* _What the exercise asks_: When the line with "The Scotland players" turns up below, begin repeating exactly, and carry on through the line with "Chanel 2000s Silver"; no pictures go into the copy.

* _Given data_:
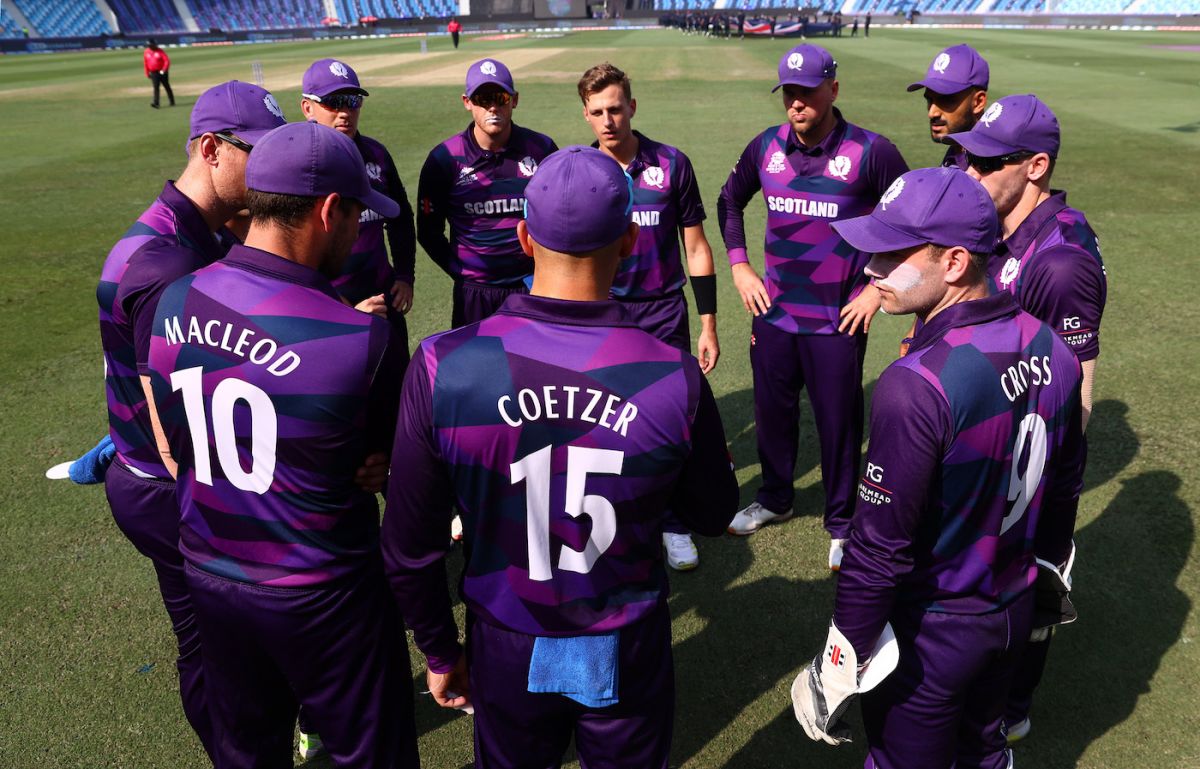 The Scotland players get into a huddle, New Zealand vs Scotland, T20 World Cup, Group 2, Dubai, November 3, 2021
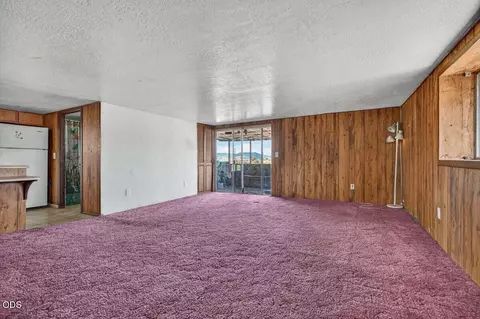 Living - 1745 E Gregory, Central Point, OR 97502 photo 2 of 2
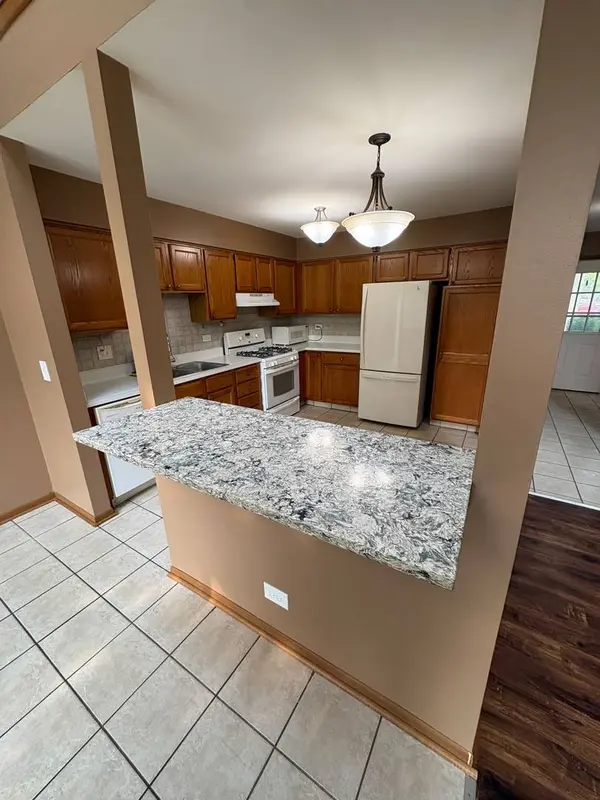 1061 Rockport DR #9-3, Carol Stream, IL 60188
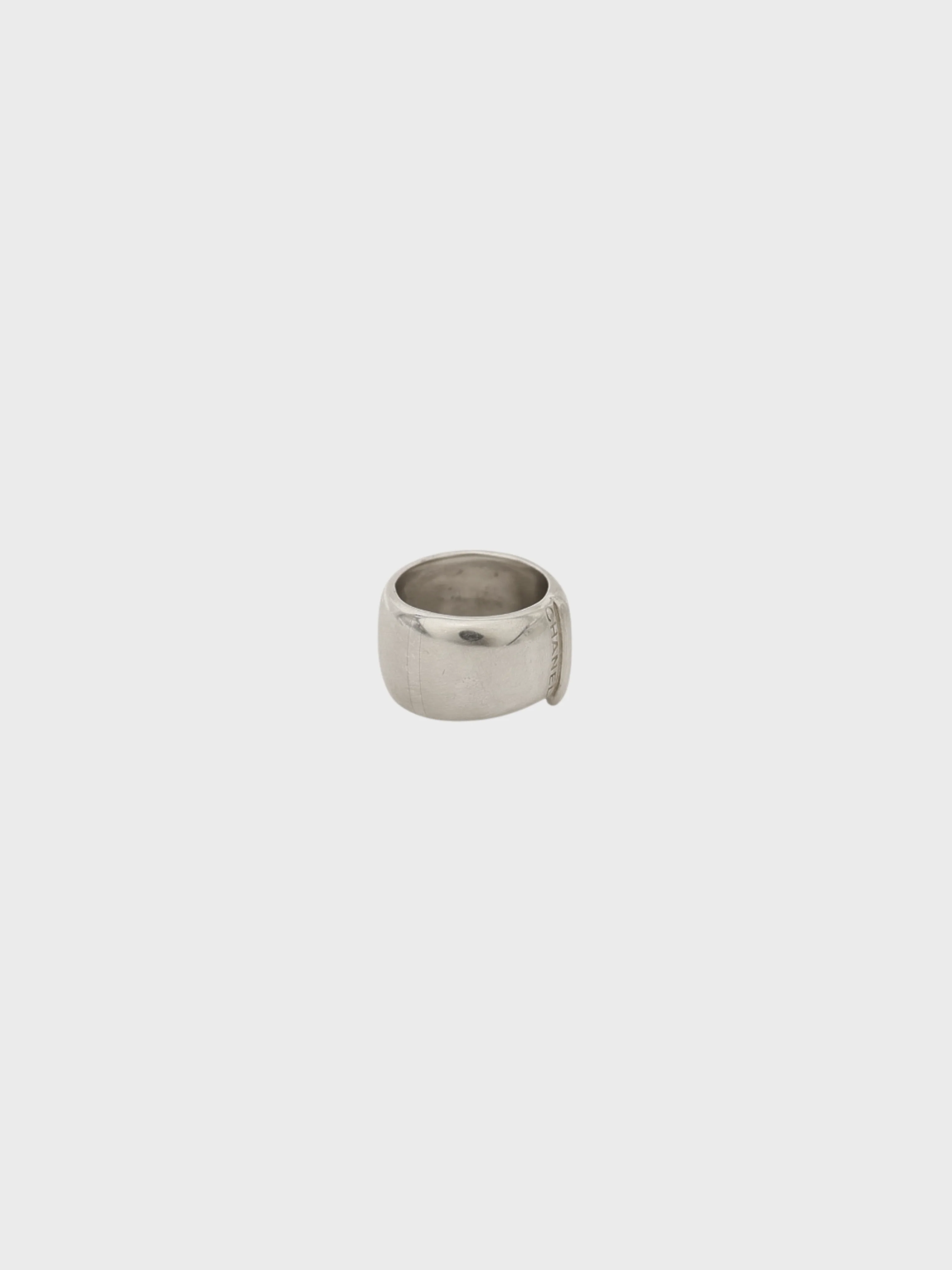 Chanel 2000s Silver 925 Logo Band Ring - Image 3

* * *

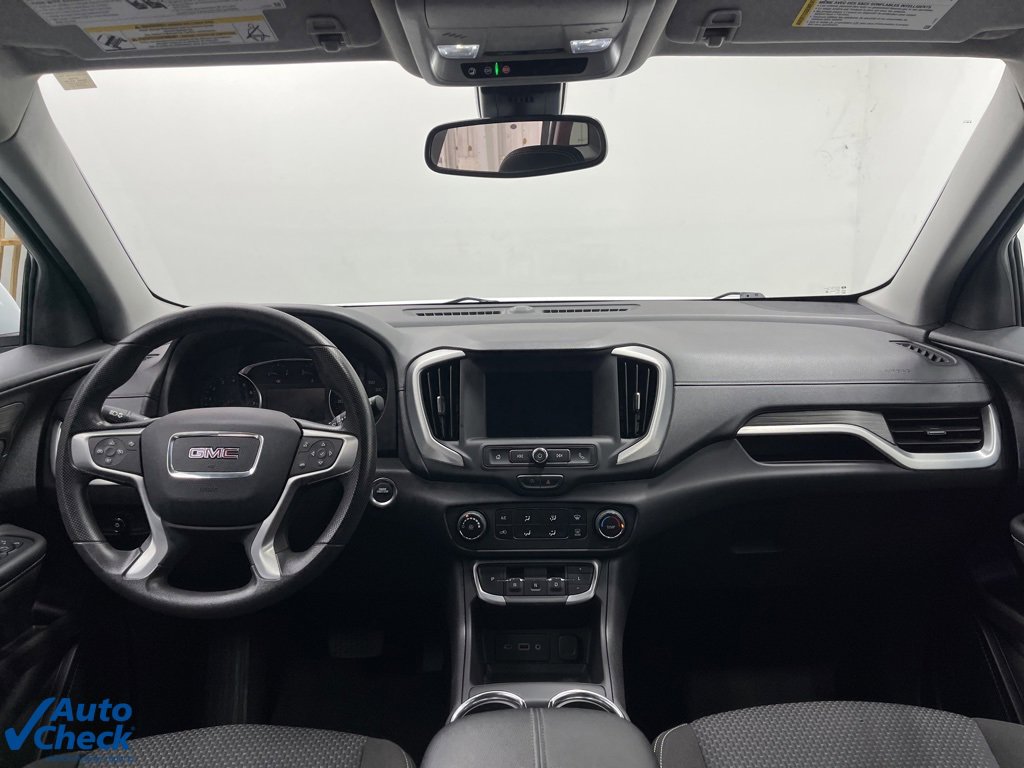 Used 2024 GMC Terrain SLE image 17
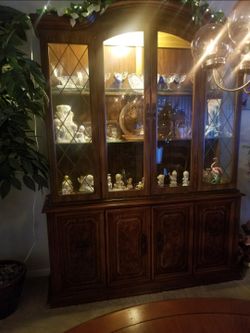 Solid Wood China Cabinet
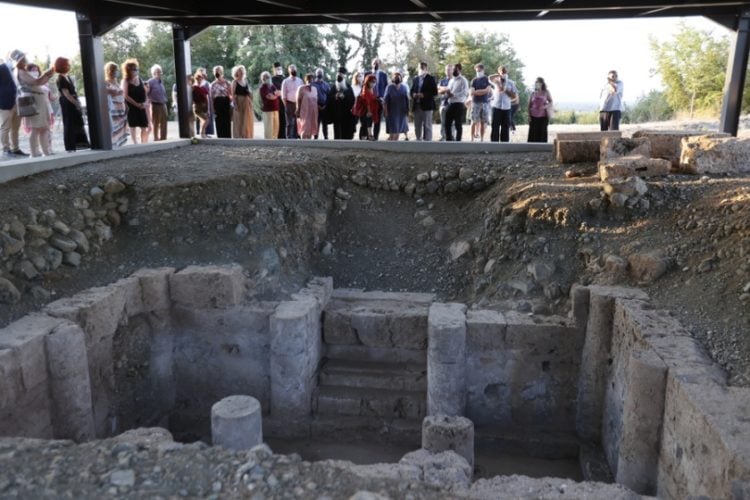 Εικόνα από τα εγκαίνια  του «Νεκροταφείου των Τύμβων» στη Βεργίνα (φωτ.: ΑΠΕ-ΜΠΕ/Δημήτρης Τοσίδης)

* _Written answer_:
 The Scotland players get into a huddle, New Zealand vs Scotland, T20 World Cup, Group 2, Dubai, November 3, 2021
 Living - 1745 E Gregory, Central Point, OR 97502 photo 2 of 2
 1061 Rockport DR #9-3, Carol Stream, IL 60188
 Chanel 2000s Silver 925 Logo Band Ring - Image 3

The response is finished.